(I am not a statistician, so this might seem a dumb question, but I need your expert help!)
I have data that looks like this:
----------+----------+-------+-----+-----
City Emissions People Area GDP
----------+----------+-------+-----+-----
Sheffield . . . .
Oxford . . . .
London . . . .
Total . . . .
I want to compare emissions, but to normalise by people, area and GDP, which of course are all different units.
I clearly cannot add the emissions, people and area values together because this would mean that one person was equivalent to one unit of Area or GDP, which is non-sense.
The approach I've come up with is this:
1. Remove the dimensions so we can compare the different values
I divided the values by column totals for each city, to give a fraction of total for each city.
That gives a value that describes each city's share of the total (emissions, people, area...).
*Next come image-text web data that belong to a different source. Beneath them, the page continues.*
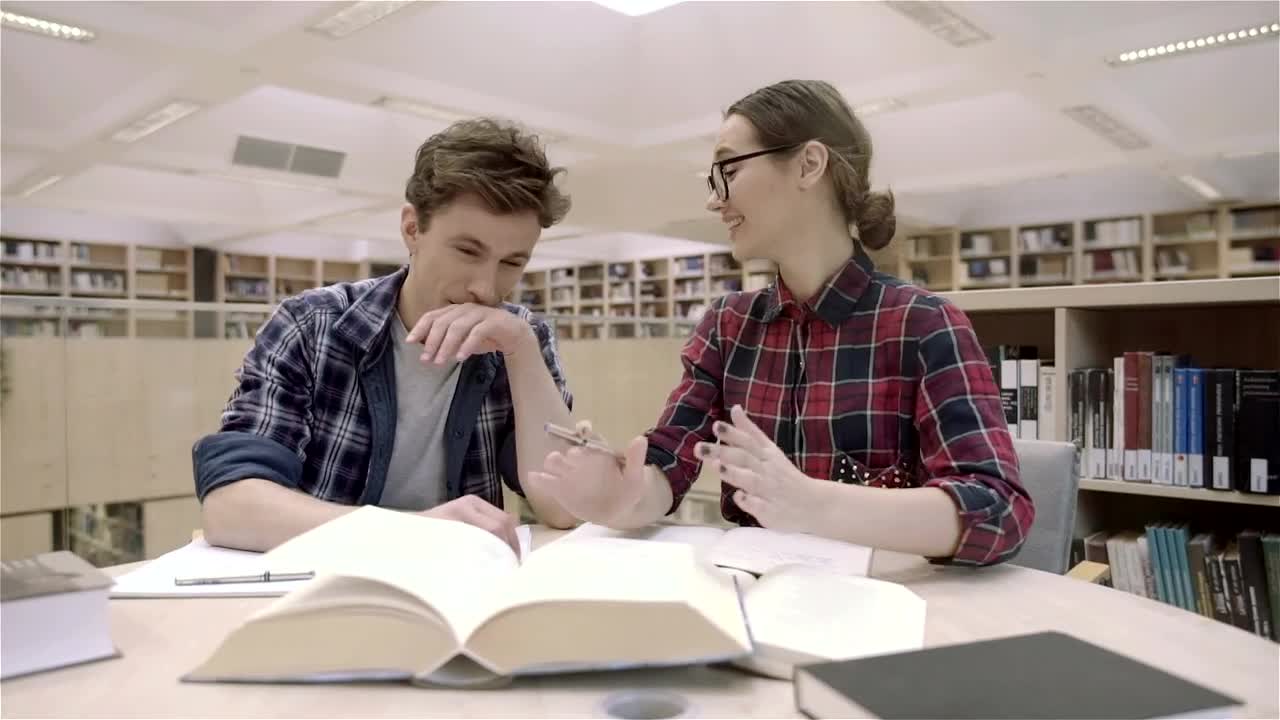 Free Video Stock Students Having Fun In The Library With The Books Live Wallpaper - Free Download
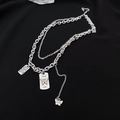 Silver-colored layered necklace featuring a 3D butterfly charm and engraved metal tags - Silver Butterfly Style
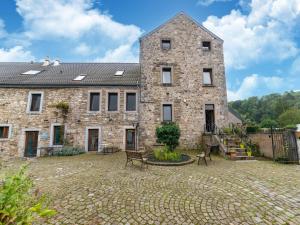 a large stone building with a courtyard in front of it at Stunning home for 5 adults with indoor pool in Esneux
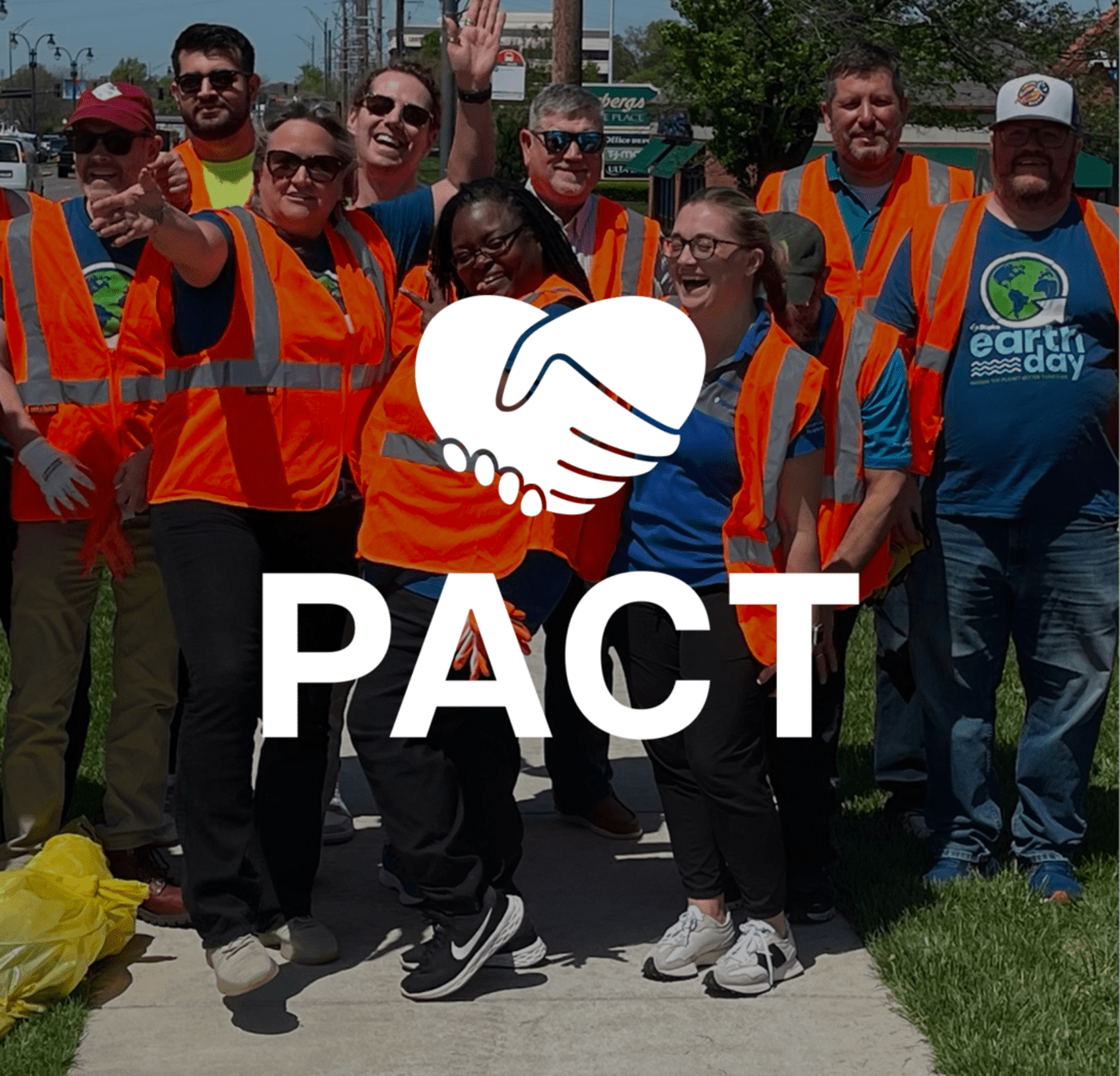 People in orange construction vest with the pact logo over it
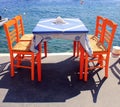 Tavern with orange wooden chairs by the sea coast, Santorini Royalty Free Stock Photo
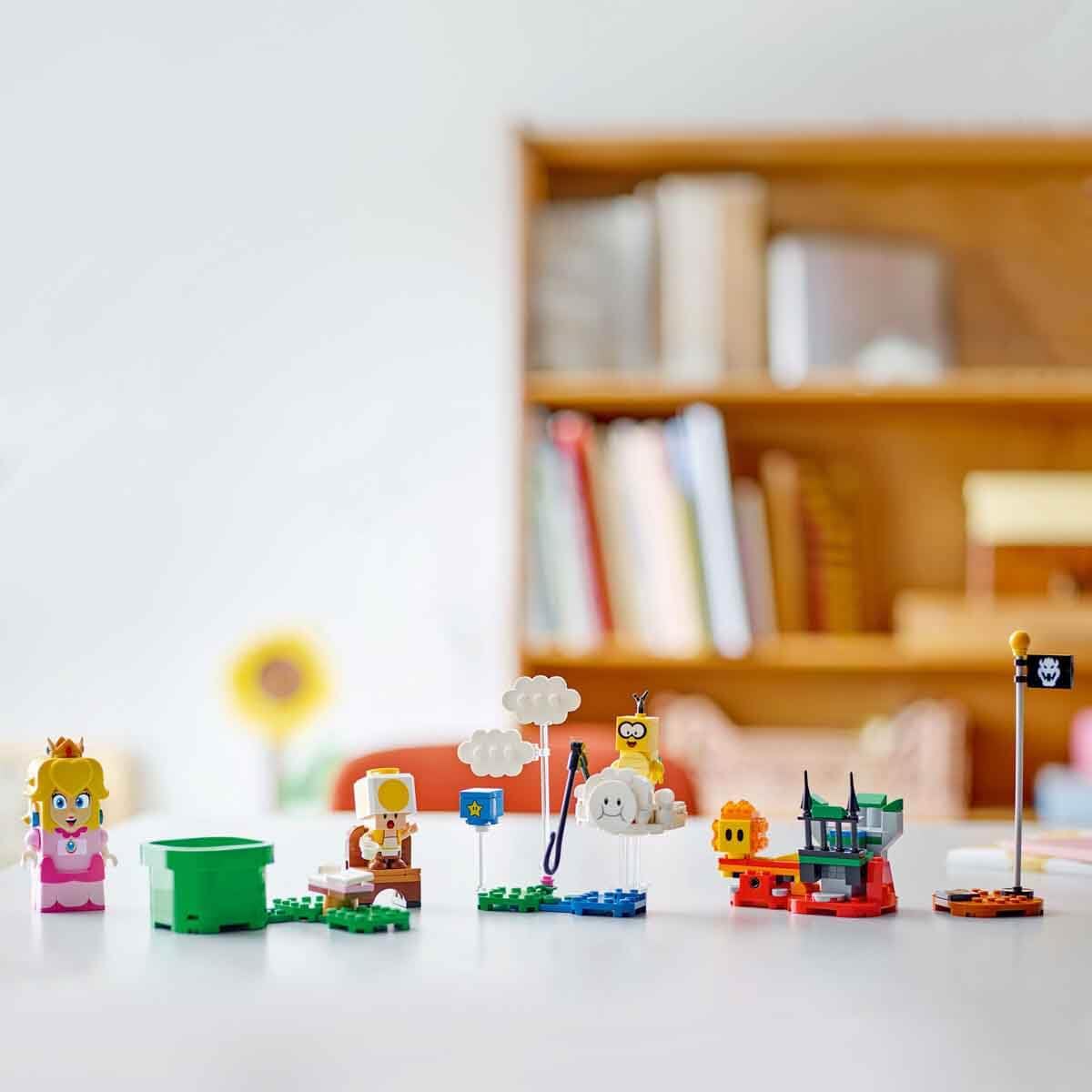 LEGO Super Mario Adventures playset featuring LEGO Peach, Yellow Toad figure, interactive Nintendo-themed toy for kids and gamers.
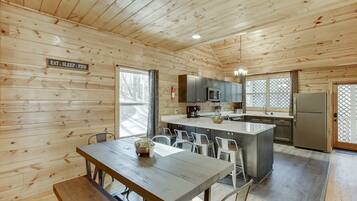 Interior de una cabaña de madera con comedor, cocina y grandes ventanales.
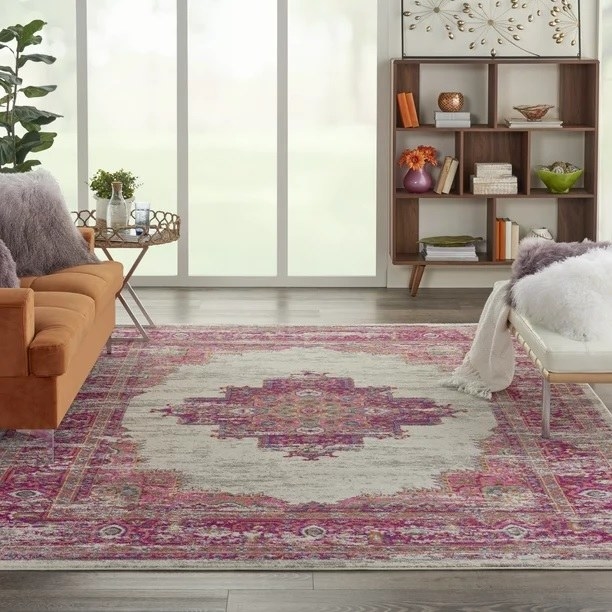 The rug in ivory and fuchsia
I'll call these E, P, A, G
2. Average these factors
Then, average the three normalised factors/fractions produced in (1):
E × ( 1/P + 1/A + 1/G ) ÷ 3
i.e. MEAN( E/P, E/A, E/G )
Question
To me this seems to give a sensible comparator. I've removed the units by dividing each by its total. Then I'm averaging "fraction of emissions per fraction of people, area, GDP". I'm giving equal weighting to each of these, which I'm happy with. So if the answer for one city comes out as 2, then I would say that that city is emitting twice its fair share of emissions.
However, I've had some criticism saying that this is not mathematically/statistically valid because it's an average of averages. It is an average of averages, but I think that's OK and the only way to compare the different things together.
Q. Is what I've done valid, or is there a better way to do this?
Edit
I now believe that this is better:
E ÷ ( P + A + G ) × 3
i.e. E ÷ MEAN( P, A, G )
Which divides share(fraction) of emissions by an average of fractions of people, area and GDP. I think this is better because P, A, G represent "things that it's OK to have emissions for". In the first attempt (above) I have allowed a city with a low overall fraction of people, area and GDP to score the same as a city with a high overall fraction when they have the same emissions, which is clearly wrong given that I have said I value P, A, G equally.